Directions for this task: Start to finish, print the data below exactly, without the images.

(Beginning of Provided data)

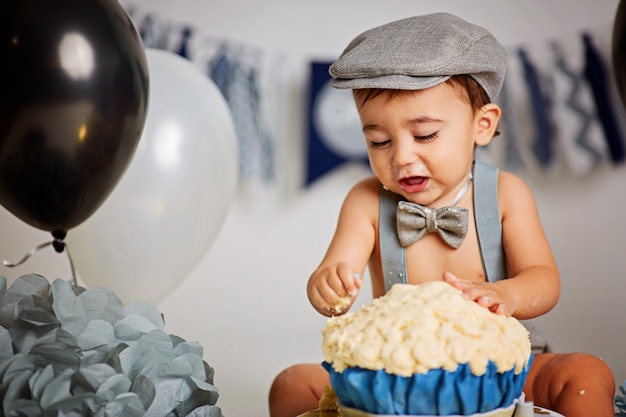 Niño pequeño en una fiesta de cumpleaños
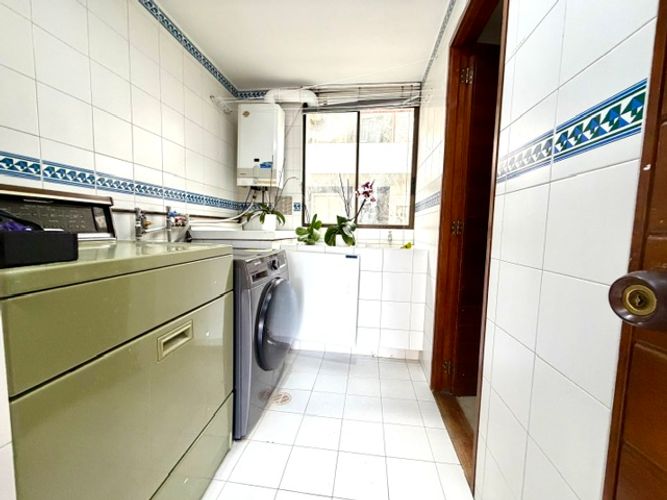 Apartamento de 3 alcobas en venta en La Carolina, Bogotá, 152 m² · foto 10 de 24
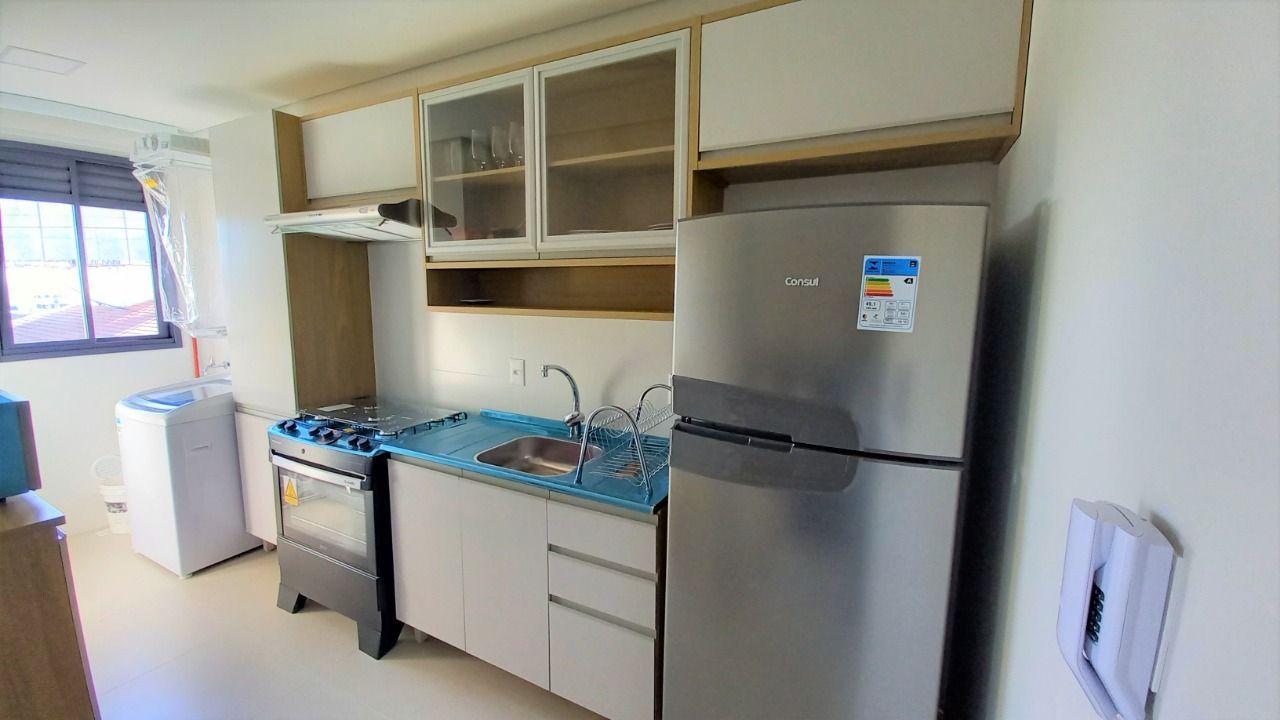 Apartamento à venda com 2 quartos, 80m² - Foto 2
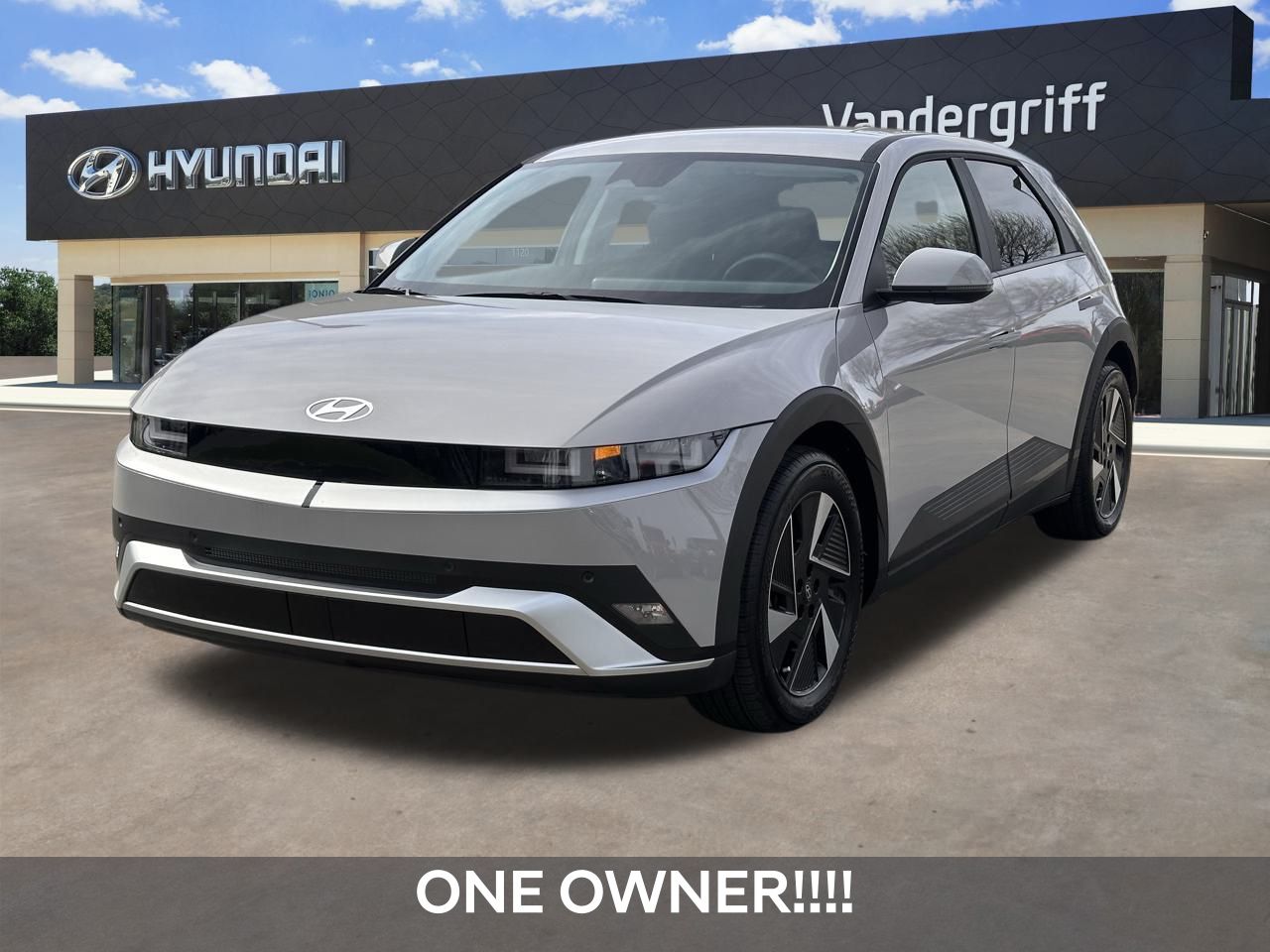 Certified 2025 Hyundai IONIQ 5 SE with VIN 7YAKM4DAXSY004934 for sale in Arlington, TX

(End of Provided data)

Result for this exercise:
 Niño pequeño en una fiesta de cumpleaños
 Apartamento de 3 alcobas en venta en La Carolina, Bogotá, 152 m² · foto 10 de 24
 Apartamento à venda com 2 quartos, 80m² - Foto 2
 Certified 2025 Hyundai IONIQ 5 SE with VIN 7YAKM4DAXSY004934 for sale in Arlington, TX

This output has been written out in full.